America’s governance mind: FUBAR

by divorced one like Bush
UPDATED: Jim Watt  Remember him?

If you did not see it, go watch this weeks Bill Moyers Journal.  Part 2 is here.

From the second part we get all we need to know about where we’re going regarding government for, of and by the people and how little regard there is at the top for the seriousness of such a declaration and its implementation in perpetuity.

BILL MOYERS: Let me show you something that Ben Bernanke said to the annual meeting of economists earlier this week, last Sunday, I think it was.

BEN BERNANKE: The best response to the housing bubble would have been regulatory, not monetary. Stronger regulation and supervision aimed at problems with underwriting practices and lenders’ risk management would have been a more effective and surgical approach for constraining the housing bubble than a general increase in interest rates.

DAVID CORN: Whoops.

BILL MOYERS: Whoops what?

DAVID CORN: Well, now he’s saying what a lot of us said earlier? That we should have had better regulation, you know, rather than just fiddling with interest rates?…

BILL MOYERS: You have a great chart in your story in “Mother Jones” on that.

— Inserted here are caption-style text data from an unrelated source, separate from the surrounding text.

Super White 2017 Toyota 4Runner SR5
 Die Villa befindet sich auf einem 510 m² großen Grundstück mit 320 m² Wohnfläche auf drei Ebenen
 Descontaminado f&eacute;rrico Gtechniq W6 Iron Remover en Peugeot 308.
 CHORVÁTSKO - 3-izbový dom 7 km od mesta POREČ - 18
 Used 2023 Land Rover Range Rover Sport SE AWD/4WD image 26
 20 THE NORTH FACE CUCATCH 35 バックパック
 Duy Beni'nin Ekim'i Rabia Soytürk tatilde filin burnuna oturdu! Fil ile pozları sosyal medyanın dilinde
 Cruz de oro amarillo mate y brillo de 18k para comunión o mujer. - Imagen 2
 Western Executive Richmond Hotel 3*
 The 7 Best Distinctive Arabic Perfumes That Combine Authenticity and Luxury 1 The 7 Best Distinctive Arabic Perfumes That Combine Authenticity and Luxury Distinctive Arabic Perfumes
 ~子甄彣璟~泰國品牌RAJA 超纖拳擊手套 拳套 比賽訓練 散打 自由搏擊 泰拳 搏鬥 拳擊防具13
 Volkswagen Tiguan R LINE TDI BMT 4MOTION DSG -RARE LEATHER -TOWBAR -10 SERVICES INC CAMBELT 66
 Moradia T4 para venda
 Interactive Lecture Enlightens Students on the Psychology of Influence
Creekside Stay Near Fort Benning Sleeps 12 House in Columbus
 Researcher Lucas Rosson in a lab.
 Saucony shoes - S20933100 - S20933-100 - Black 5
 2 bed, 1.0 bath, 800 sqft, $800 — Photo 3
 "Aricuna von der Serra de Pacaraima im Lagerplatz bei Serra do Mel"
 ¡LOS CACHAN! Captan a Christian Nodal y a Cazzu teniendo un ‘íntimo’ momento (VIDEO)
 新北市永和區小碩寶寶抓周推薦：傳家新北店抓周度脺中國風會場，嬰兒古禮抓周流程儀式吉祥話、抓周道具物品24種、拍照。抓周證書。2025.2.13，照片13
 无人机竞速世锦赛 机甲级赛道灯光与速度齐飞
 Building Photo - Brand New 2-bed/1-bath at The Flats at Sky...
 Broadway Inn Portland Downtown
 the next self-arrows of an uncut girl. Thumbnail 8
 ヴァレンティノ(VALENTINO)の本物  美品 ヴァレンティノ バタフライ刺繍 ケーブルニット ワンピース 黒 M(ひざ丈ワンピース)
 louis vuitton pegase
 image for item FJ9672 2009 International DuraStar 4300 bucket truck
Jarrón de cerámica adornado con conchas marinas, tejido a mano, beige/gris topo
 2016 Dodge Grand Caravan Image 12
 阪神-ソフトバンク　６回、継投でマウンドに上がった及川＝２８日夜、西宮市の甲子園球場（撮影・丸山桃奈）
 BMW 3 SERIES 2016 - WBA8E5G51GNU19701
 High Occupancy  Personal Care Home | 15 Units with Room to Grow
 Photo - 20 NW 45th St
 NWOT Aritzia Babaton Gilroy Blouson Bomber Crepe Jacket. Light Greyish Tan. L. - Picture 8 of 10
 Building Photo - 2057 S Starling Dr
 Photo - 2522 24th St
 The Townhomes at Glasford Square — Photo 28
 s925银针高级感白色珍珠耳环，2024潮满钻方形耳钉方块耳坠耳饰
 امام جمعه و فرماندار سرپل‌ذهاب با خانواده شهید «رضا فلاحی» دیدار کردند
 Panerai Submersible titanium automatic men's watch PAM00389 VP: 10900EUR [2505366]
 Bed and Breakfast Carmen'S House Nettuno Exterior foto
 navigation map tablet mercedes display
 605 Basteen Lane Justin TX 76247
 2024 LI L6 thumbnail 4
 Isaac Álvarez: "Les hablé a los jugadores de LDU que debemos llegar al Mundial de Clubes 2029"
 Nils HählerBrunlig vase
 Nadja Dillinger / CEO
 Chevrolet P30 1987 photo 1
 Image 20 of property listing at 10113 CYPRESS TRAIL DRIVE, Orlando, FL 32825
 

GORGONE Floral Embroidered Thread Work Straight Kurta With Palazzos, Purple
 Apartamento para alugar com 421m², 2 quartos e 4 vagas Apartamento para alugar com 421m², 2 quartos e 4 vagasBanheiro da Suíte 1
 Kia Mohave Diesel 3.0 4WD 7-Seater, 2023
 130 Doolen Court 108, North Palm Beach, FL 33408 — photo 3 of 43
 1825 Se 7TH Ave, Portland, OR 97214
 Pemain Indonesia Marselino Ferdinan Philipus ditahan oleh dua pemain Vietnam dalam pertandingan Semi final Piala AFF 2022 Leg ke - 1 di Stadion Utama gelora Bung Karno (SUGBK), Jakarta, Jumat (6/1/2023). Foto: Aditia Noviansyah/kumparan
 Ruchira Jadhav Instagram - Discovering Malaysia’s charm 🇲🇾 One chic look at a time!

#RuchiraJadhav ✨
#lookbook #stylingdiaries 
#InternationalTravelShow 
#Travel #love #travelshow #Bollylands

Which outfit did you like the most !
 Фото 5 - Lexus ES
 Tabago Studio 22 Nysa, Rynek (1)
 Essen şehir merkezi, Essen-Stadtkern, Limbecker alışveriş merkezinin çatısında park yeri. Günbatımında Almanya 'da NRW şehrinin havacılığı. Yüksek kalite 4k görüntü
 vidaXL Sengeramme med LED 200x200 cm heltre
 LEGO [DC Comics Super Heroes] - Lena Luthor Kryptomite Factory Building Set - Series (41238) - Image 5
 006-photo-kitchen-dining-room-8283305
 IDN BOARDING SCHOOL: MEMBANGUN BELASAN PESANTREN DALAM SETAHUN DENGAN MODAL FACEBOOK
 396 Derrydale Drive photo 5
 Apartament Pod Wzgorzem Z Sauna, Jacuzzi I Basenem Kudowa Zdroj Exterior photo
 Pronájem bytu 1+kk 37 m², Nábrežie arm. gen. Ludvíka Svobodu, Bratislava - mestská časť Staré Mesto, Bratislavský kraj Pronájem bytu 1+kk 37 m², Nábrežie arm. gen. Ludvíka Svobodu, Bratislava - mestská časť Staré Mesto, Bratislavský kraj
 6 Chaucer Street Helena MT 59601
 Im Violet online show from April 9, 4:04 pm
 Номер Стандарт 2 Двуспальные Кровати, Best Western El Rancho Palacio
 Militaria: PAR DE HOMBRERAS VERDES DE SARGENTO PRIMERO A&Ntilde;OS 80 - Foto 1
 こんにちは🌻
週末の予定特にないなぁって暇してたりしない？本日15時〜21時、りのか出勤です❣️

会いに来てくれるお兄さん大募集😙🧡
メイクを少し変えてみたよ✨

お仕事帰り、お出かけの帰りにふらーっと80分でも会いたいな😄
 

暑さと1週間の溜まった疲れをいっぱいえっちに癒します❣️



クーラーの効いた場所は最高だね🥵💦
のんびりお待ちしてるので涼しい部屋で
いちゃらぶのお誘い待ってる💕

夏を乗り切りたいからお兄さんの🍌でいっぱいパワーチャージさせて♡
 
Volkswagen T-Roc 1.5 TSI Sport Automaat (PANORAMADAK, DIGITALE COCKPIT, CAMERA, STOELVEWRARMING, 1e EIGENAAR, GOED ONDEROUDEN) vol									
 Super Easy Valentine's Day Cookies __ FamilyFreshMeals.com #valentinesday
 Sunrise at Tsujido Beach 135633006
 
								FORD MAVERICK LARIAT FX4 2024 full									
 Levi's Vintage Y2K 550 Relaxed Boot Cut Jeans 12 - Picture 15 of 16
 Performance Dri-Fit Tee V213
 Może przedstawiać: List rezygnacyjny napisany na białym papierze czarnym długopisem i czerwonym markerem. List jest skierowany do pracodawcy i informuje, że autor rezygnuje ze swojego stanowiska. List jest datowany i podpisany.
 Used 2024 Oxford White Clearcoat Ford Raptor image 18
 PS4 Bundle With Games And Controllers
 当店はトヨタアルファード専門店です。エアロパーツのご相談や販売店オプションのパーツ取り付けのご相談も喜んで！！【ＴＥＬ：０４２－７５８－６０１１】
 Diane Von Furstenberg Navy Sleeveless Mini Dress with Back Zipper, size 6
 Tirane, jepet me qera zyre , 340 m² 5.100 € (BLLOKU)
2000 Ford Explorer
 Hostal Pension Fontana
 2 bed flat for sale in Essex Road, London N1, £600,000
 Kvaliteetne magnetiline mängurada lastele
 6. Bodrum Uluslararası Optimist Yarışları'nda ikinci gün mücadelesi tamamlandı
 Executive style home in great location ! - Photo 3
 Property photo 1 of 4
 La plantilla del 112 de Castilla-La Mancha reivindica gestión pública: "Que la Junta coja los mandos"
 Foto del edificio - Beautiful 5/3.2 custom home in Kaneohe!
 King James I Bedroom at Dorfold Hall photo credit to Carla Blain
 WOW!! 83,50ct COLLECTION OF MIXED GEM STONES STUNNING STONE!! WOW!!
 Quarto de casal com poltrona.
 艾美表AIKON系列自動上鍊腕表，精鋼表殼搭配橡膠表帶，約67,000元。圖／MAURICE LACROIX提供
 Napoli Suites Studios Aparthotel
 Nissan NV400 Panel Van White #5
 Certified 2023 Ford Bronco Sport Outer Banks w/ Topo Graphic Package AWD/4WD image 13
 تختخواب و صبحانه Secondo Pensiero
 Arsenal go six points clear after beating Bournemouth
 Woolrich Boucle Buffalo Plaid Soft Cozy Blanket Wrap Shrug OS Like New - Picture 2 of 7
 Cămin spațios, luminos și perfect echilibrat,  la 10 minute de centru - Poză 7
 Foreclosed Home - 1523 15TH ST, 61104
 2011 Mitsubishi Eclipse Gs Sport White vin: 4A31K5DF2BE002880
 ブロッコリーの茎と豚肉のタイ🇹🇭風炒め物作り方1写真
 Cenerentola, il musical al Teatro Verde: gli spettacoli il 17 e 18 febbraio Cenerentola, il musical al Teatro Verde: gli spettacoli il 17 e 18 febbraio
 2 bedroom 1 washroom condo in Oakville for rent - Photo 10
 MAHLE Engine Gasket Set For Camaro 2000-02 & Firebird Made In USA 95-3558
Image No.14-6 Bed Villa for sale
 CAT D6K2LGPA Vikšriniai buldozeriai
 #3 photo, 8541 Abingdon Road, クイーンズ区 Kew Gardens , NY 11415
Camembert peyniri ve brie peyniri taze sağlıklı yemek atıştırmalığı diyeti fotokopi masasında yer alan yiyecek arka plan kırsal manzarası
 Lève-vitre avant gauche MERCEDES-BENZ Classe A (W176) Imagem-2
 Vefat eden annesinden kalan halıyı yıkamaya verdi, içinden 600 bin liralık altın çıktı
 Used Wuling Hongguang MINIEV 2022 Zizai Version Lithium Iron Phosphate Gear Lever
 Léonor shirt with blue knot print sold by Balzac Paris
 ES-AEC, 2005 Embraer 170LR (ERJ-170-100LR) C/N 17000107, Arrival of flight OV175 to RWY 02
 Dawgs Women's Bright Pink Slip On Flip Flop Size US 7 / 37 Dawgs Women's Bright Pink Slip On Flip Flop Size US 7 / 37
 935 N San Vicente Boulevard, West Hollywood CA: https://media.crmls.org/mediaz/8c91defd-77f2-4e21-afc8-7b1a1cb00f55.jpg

DAVID CORN: I mean, my favorite one that I wrote about, and I don’t know him personally. He could be a great guy. Never even met him. I tried to interview him, but he wouldn’t consent. Mark Patterson. He’s the chief of staff for Timothy Geithner, the Treasury Department Secretary. He was a lobbyist for Goldman Sachs. What did he do as a lobbyist for Goldman Sachs? He lobbied against a bill in the Senate to restrain it was a very modest bill, to restrain CEO compensation.

Basically, gave shareholders the right to say, “We think you’re paying them too much.” It wasn’t even mandatory. It wouldn’t even cut back pay. He you know, Goldman Sachs would have none of that. He lobbied against that bill. Who authored that bill? Barack Obama, when he was a Senator. So, the guy who fought Barack Obama on CEO pay, an issue that Barack Obama says he cares about. And I believe he does. Is now running the Treasury Department for Tim Geithner. I mean, this really doesn’t make a lot of sense to me.

Yeah. Makes no sense to me either. In fact, the only mind that can make sense of such dichotomy in purpose and intent is a schizophrenic mind.

UPDATE
In responding to a comment by Guest who I assume is Cantab (we forget to check our sign-in names, Oh well), I mentioned James Watt.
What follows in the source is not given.